Some explications from beginning:
I downloaded :
- dbpedia/extraction-framework from [
https://github.com/dbpedia/extraction-framework/ | github ]
- commons + fr + wiki dump 2018-08's version from [
http://dumps.wikimedia.your.org/frwiki/20180801/ | the dumps wikimedia website
] (source: **-pages-articles.xml.bz2)
Now I would like to extract, first, commonswiki.

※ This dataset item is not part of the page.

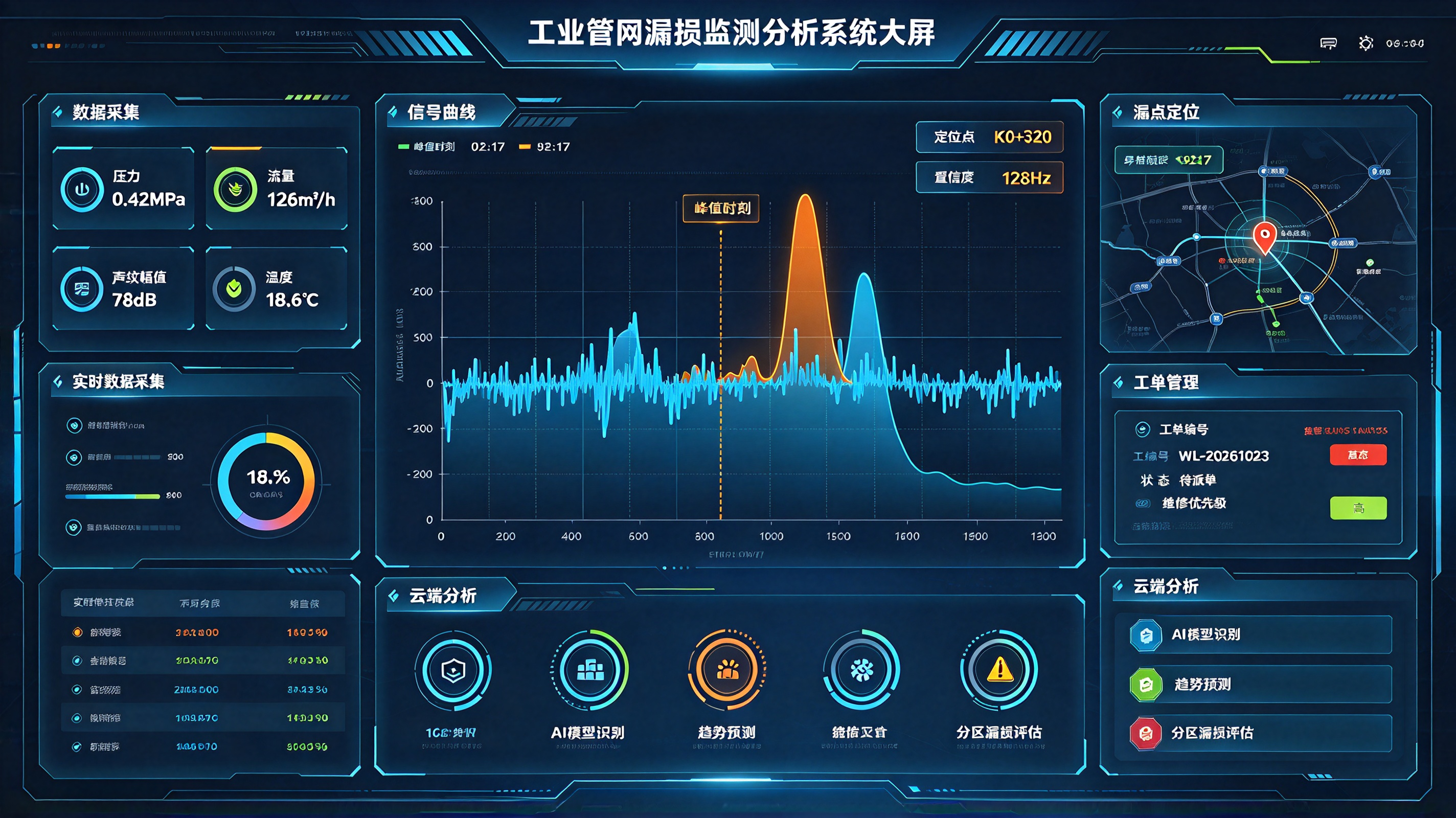 精准查漏 智慧护水——东莞业疆智能守护莞邑工业管网安全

To do that, I configured 2 files:
=> "extraction.commons.properties" (content of file):
source=pages-articles.xml.bz2
require-download-complete=false
languages=commons
extractors=
extractors.commons=.MappingExtractor,.ContributorExtractor,.TemplateParameterExtractor,.FileTypeExtractor,.GalleryExtractor,.ImageAnnotationExtractor,.CommonsKMLExtractor,.DBpediaResourceExtractor
copyrightCheck=false
=> "universal.properties" (content of file):
dbpedia-version=2018-08
base-dir=/Users/macbookpro/Documents/web_pro/github/dbpedia/extraction-framework/dump/extraction-dump/2018-08
log-dir=/Users/macbookpro/Documents/web_pro/github/dbpedia/extraction-framework/dump/extraction-data/2018-08
wiki-name=wiki
source=pages-articles.xml.bz2
parallel-processes=4
ontology=../ontology.xml
mappings=../mappings
uri-policy.iri=generic:en
format.ttl.bz2=turtle-triples
After that, I launched these command:
- cd extraction-frameworkd/dump
- ../clean-install-run extraction extraction.commons.properties
Now I have some messages like this:
- AVERTISSEMENT: Language not found: cbk-zam. To extract this language, please
edit the addonLanguage.json in core.
- INFOS: Will extract redirects from source for commons wiki, could not load
cache file
'/Users/macbookpro/Documents/web_pro/github/dbpedia/extraction-framework/dump/extraction-dump/2018-08/commonswiki/20180801/commonswiki-20180801-template-redirects.obj':
java.io.FileNotFoundException:
/Users/macbookpro/Documents/web_pro/github/dbpedia/extraction-framework/dump/extraction-dump/2018-08/commonswiki/20180801/commonswiki-20180801-template-redirects.obj
(No such file or directory)
- AVERTISSEMENT: wrong redirect. page:
[title=UNC;ns=0/Main/;language:wiki=commons,locale=en].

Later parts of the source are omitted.